Living Breathing Rock ‘n’ Roll

For a couple of years some of my friends and I have been sharing music. We’re supposed to review/rate what gets shared with us, and share those reviews with the group, but that doesn’t always happen.

Queen – The Miracle (1989)

As Tim comes to a close on his month of Queen, we visit one of Queen’s last albums.

The only two songs I knew before this listen weren’t actually the versions I knew. I’ve only heard the single versions. So even the familiar tracks were new to me.

I Want It All is a great song, and the solo section was sweet, but this whole album felt angry. Maybe I’ve just had a bad week and I’m reading into it what I want to. Not that there isn’t a time and place for that. I love me some angry music – but I usually know going in and chose it for that reason. Aside from the two hits, I really liked Was it All Worth It. Not much else really stood out to me, and I wonder if the mood and tone is why.

That’s not entirely why. The Invisible Man was just a little odd. It and Rain Must Fall were very much a product of their musical environment. Not that their other stuff isn’t, but 1989 was a much different place than the ’70s and it shows in those two songs. They weren’t bad, but they weren’t awesome either.

In addition to the standard tracks, I also looked up the five non-album b-sides from the record’s singles. If you liked the album, you’d like the b-sides. More of the same. Hang On in There is especially notable. 3/5

Snarky Puppy – Culcha Vulcha (2016)

I have heard of Snarky Puppy, but have never heard their stuff before. And to be honest, I wasn’t even sure what kind of music they played.

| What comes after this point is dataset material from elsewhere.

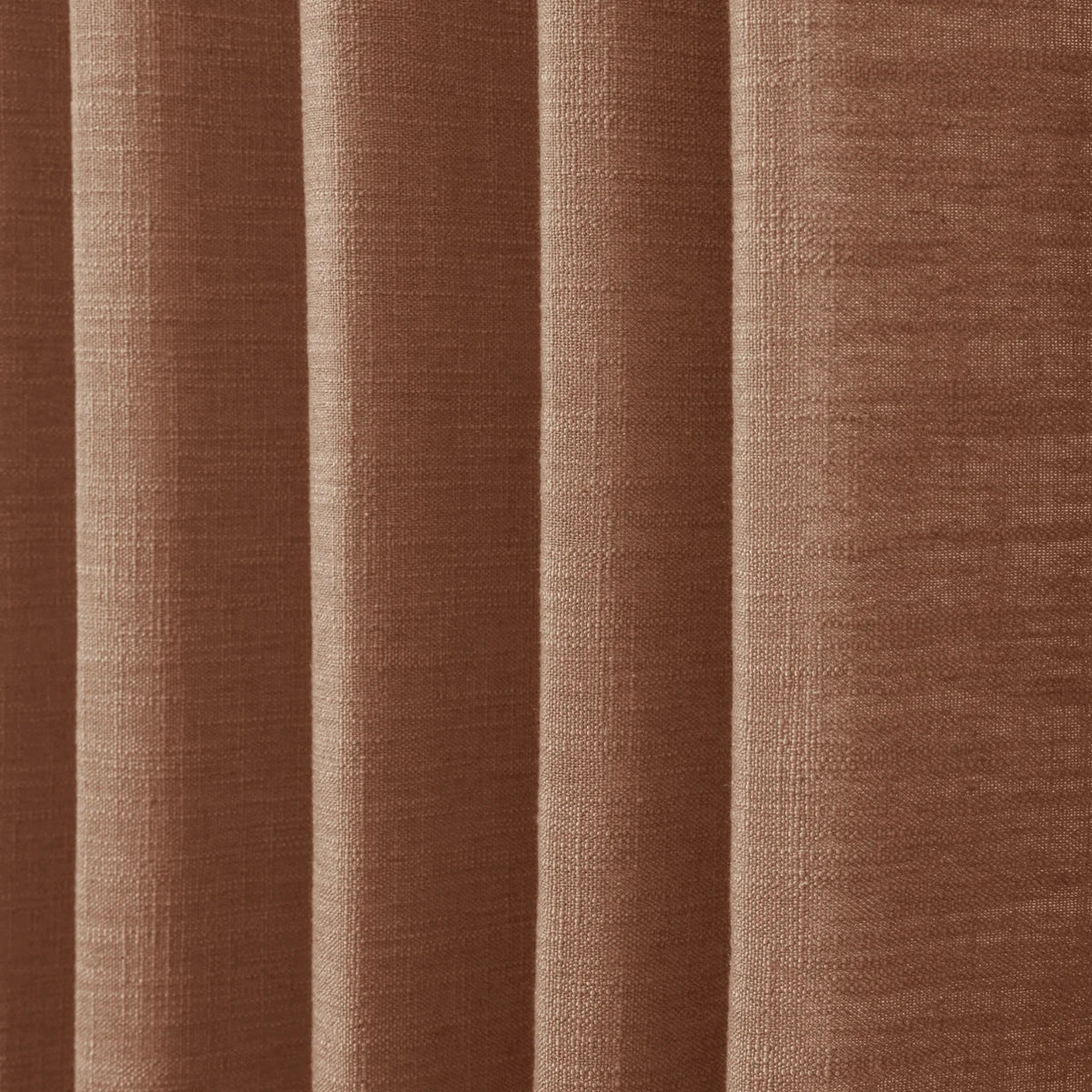 Orange Copper Liz linen curtains in a wider lifestyle scene with furnishings and softly flowing folds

And I’m still not sure what Semente is exactly. Broadly Jazz, but there were so many ethnic sounding melodies and harmonies, I can’t put my finger on what it reminds me of. No matter, I love the groove. I find that instrumental music has to try a little harder to make me feel something. In this case it makes me feel like moving my body, and that’s always a good thing.

It seemed like the whole album was give and take. Every other track was great and groovy, and the off tracks were … just off. I know if every track was the same, it would grate on me a little, but this seemed a bit extreme. Maybe that’s what they were going for. 3.2/5

Foo Fighters – The Colour and the Shape (1997)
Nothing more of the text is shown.